Task directions — Copy the final lines exactly, starting at the one that contains "132���� 4X2 4.07����س�(��������)(CLW5040XLCQ6)ͼƬ" and ending with the last line of the listing below. Pictures are not part of the copy.

Raw data —
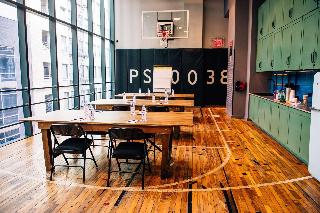 Moxy NYC Downtown fotoÄŸrafÄ±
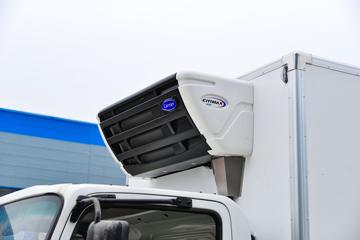 ���� ��ʮ��KV100 132���� 4X2 4.07����س�(��������)(CLW5040XLCQ6)ͼƬ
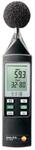 Шумомер Testo 816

Worked solution —
 ���� ��ʮ��KV100 132���� 4X2 4.07����س�(��������)(CLW5040XLCQ6)ͼƬ
 Шумомер Testo 816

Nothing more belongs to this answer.